Italian writer (1957–2023)

Luca Di Fulvio (13 May 1957 – 31 May 2023), also known by the pen name Duke J. Blanco, was an Italian novelist and stage actor.

== Life and career ==
Born in Rome, Di Fulvio studied at the Accademia Nazionale di Arte Drammatica Silvio D'Amico, and then started his acting career, first being a member of The Living Theatre and later working on stage with Andrzej Wajda and with the theatrical company La Festa Mobile.

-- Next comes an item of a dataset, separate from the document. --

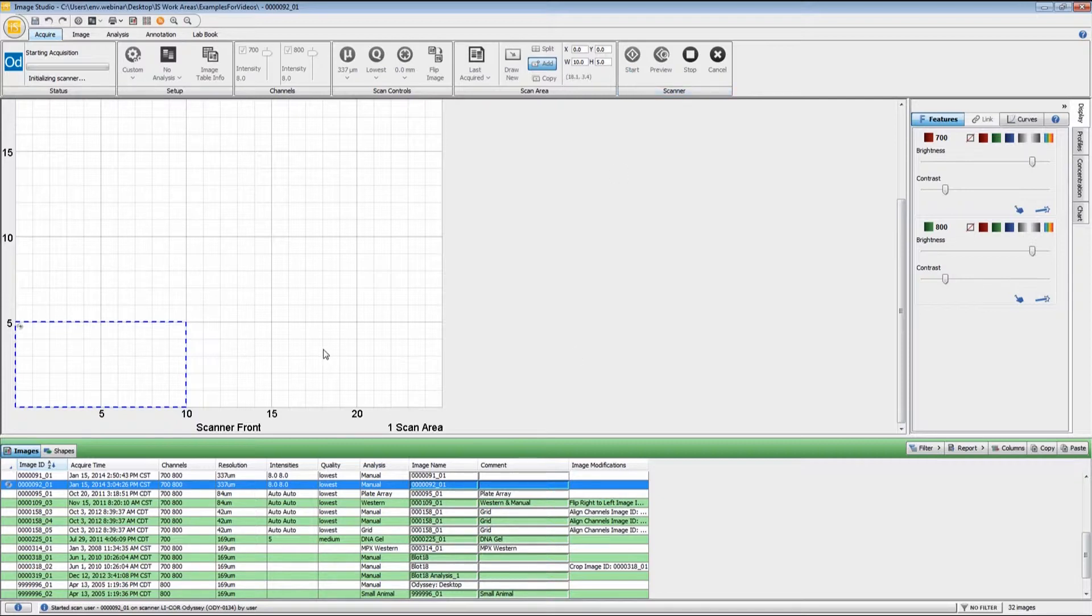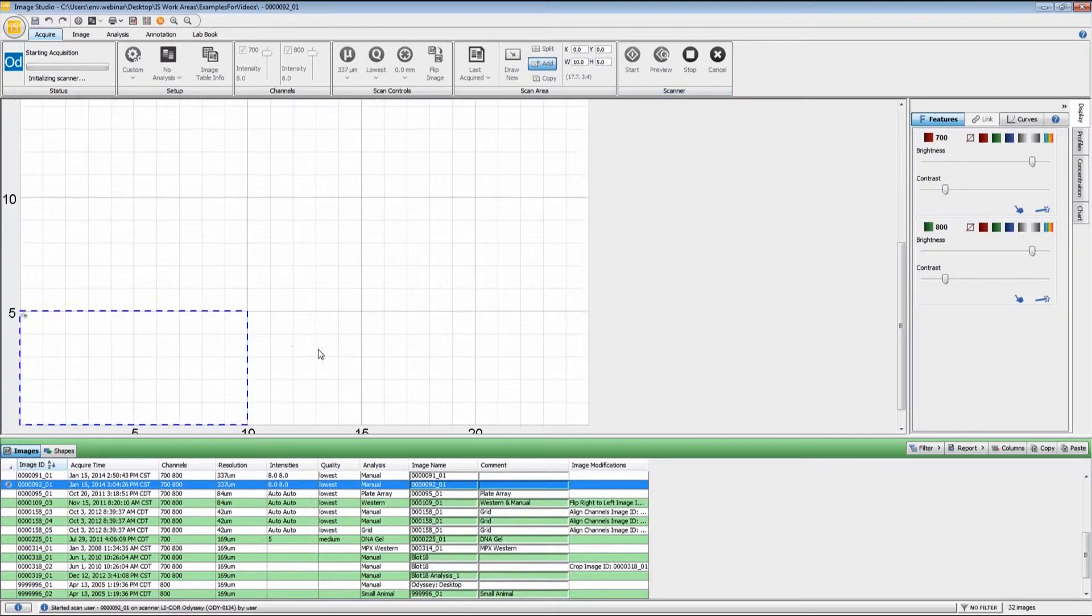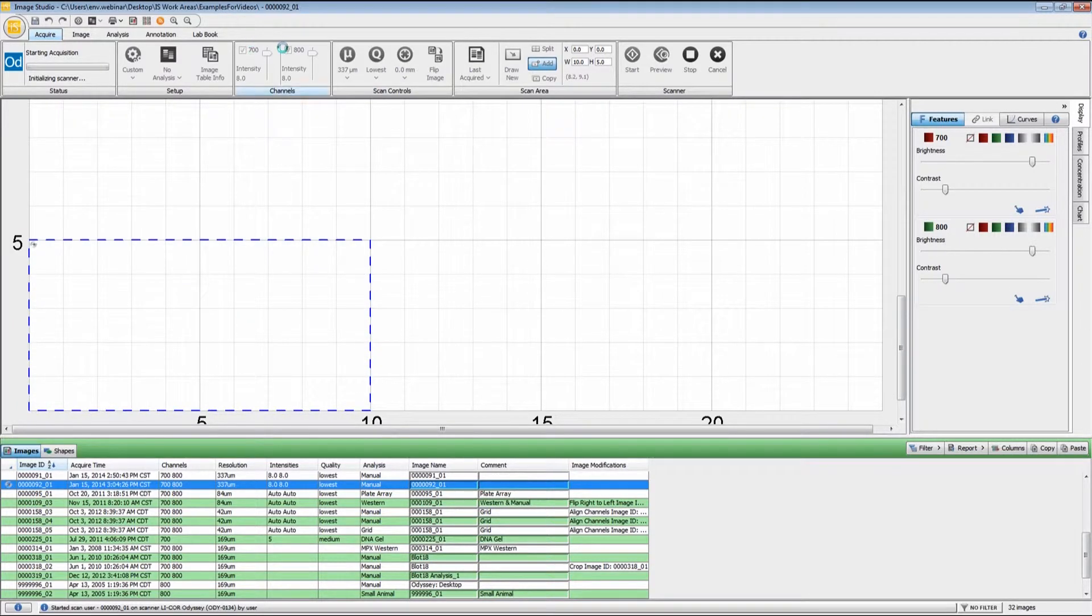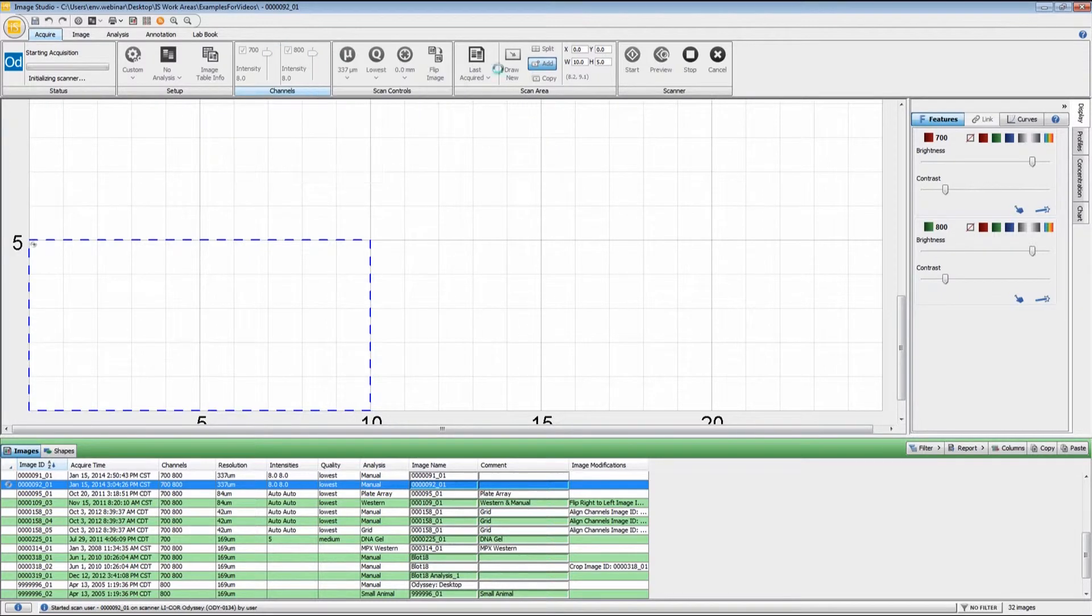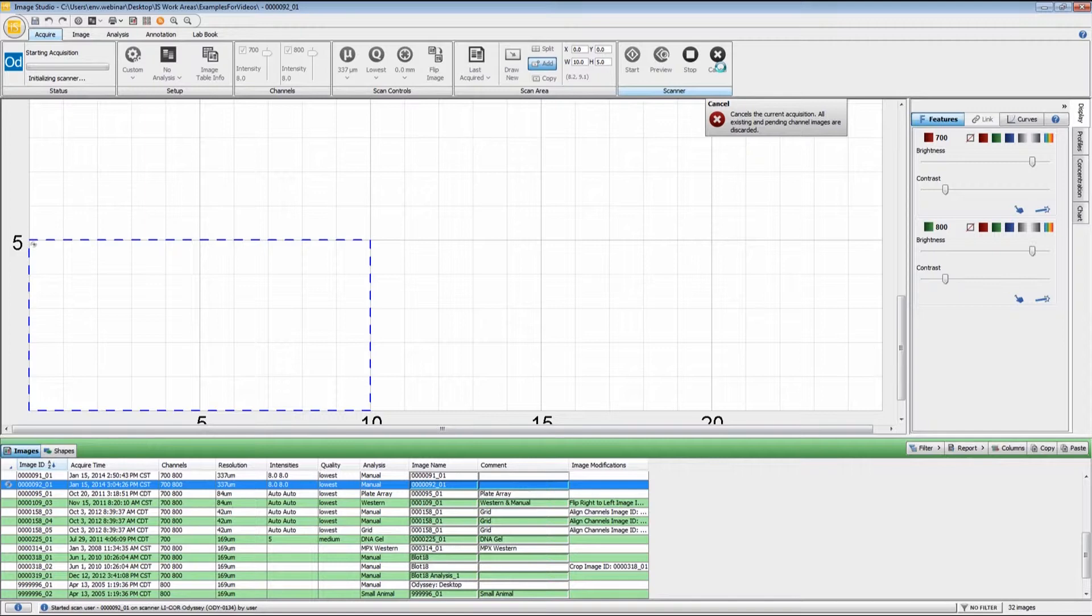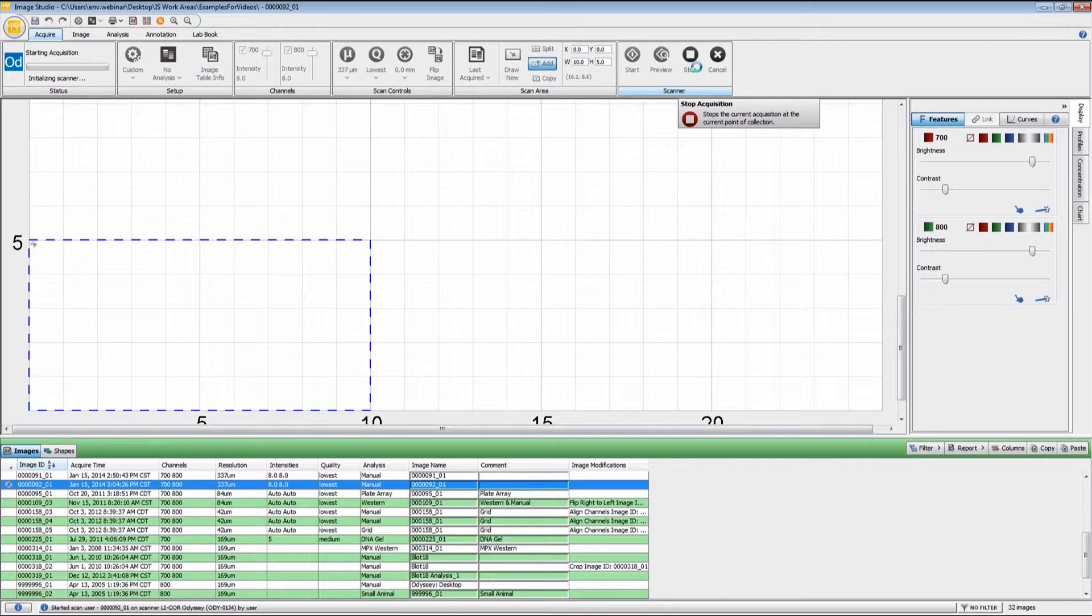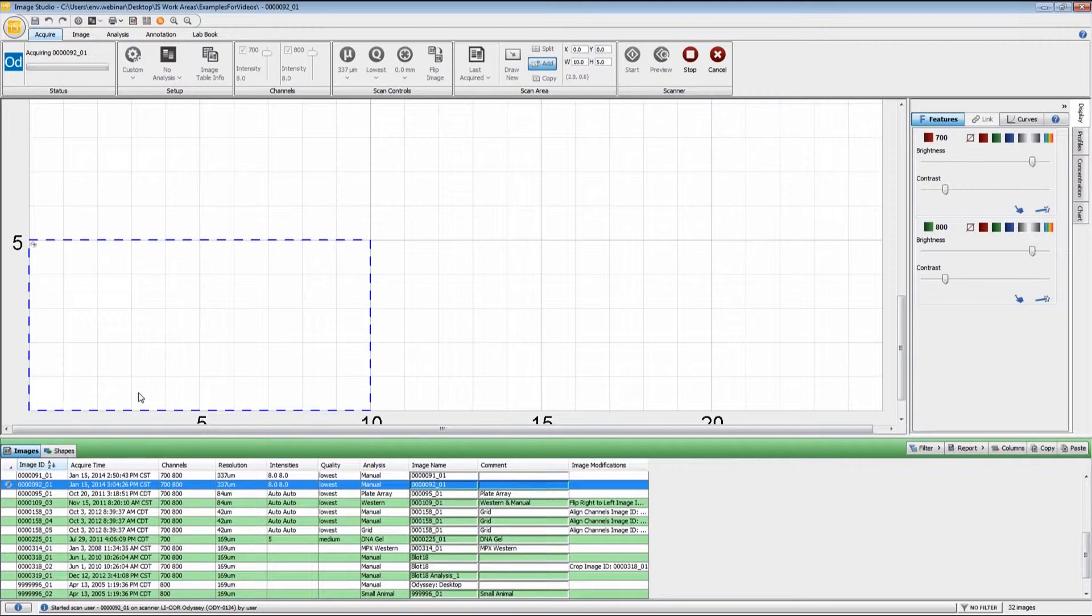The image will appear while it's scanning. If you see something is very wrong with the settings, as we'll see here with this high scan intensity, you can click cancel and that will delete the scan. If you're watching it as it's going along and you see that you've scanned far enough, you can click stop and it will just stop it at that point and save the image. Once the scan is initialized and it starts downloading the image, it will appear here in the scan area.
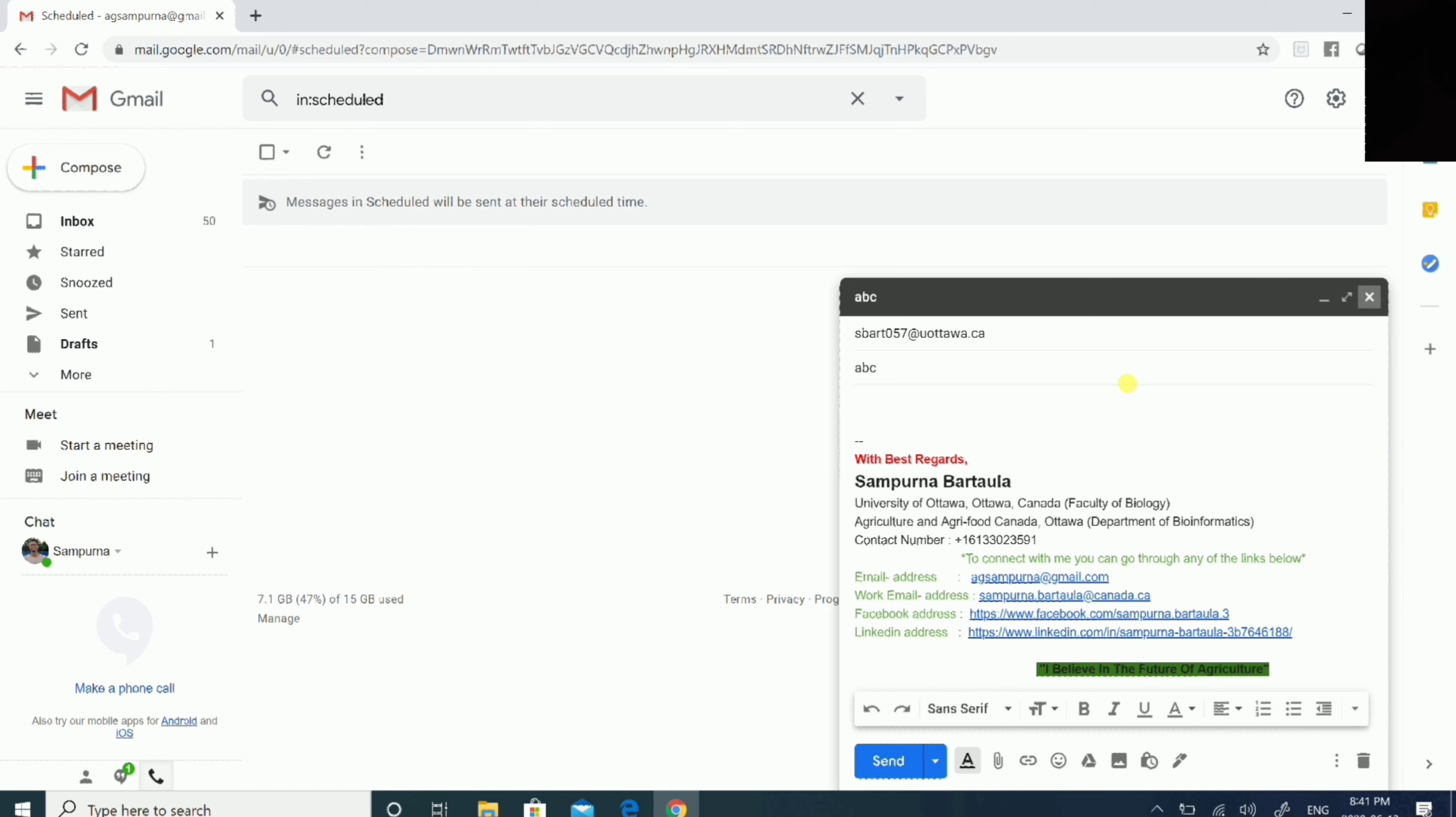In this way you can schedule your email and send it at the right time so that your email has a high chance to get opened by your professor because you hit the right timing. I hope you find this video helpful.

After working as an editorial consultant for several publishing houses, Di Fulvio made his literary debut in 1998, with the novel Zelter. He had his breakout in 2000, with his crime novel The Mannequin Man (Italian: L'impagliatore), which in 2004 was adapted in the film Eyes of Crystal. Among his best known works were the historical epic novels La scala di Dioniso ("The Dionysus' Staircase", 2006), The Boy Who Granted Dreams (Italian: La gang dei sogni, 2008), and The Girl who Reached for the Stars (Italian: La ragazza che toccava il cielo, 2015). More successful in France and Germany than in his home country, several of his later novels were first released abroad rather than in Italy. His 2020 novel La ballata della Città Eterna ("The Ballad of the Eternal City") was finalist at the 2021 Premio Bancarella.

Di Fulvio died of ALS on 31 May 2023, at the age of 66.